Guns Are (Likely) Coming to Georgia Higher Ed (and How Faculty Should Respond)

The stage is set for guns to be allowed on college campuses in Georgia. As I have blogged before, I have a longstanding policy of not allowing guns in my classrooms or office. As far as I am concerned, this policy will not change, regardless of the law. Nevertheless, if House Bill 859 passes the State Senate and is signed by Gov. Deal as is currently expected, guns will be allowed around me, my colleagues, and my students, which is unacceptable for two major reasons.

First, the purported spirit of HB 859, that it "is about personal safety and the ability of Georgians to defend themselves as needed," is not rooted in reality. Study after study has shown that the presence and prevalence of guns is correlated with a decrease in safety, not an increase. This is essentially settled science. At the very least, HB 859 seems to violate OSHA regulations, if not reason.

Second, our lawmakers and governor lack the courage of their own convictions as they continue to restrict firearms and other weapons from the State Capitol, the Governor's office, and the State Supreme Court, among other government buildings. If our elected officials actually do believe that permitted carriers of concealed firearms increase safety, they should move to immediately rectify the inconsistency of the law so that guns could be carried into the galleries of the House, Senate, and Supreme Court; into congresspersons' offices; and indeed, into the Governor's office. If, as I suspect, our lawmakers will refuse to allow guns in their place of work, this belies what they claim is the motivation of HB 859.

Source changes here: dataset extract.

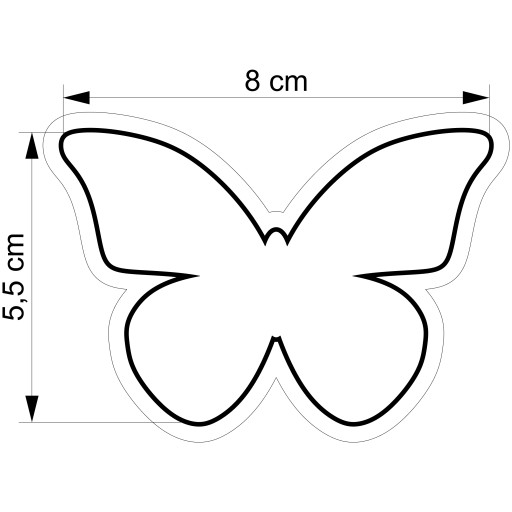 VEĽKONOČNÁ formička Vykrajovač na perníčky EASTER Butterfly Butterfly 8cm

Many would note that the business of governing is a contentious matter that makes it more vulnerable to acts of violence, especially to weapons capable of mass carnage from a distance, such as firearms. I would agree, and for those same reasons, firearms also have no place in colleges and universities. My job regularly requires that I teach about and moderate discussions involving highly contentious issues, such as abortion, capital punishment, crime, climate change, gender, homosexuality, immigration, poverty, racism, religion, terrorism, war, and indeed, gun control itself. If lawmakers are uncomfortable debating these issues in the presence of guns, they should not require me, my colleagues, and students to do so.

Here is my proposal:
As professors and instructors, we should respond to HB 859 by simply taking rational steps to protect the safety of ourselves and our students, that is to hold our classes and office hours in the few remaining places where firearms are still logically not permitted, in government buildings and offices, and indeed in the State Capitol itself! By making ourselves visible in first the statehouse and then in local halls, we can draw attention to the hypocrisies noted above. We ask for nothing more than the legal consideration that governmental figures bestow on themselves.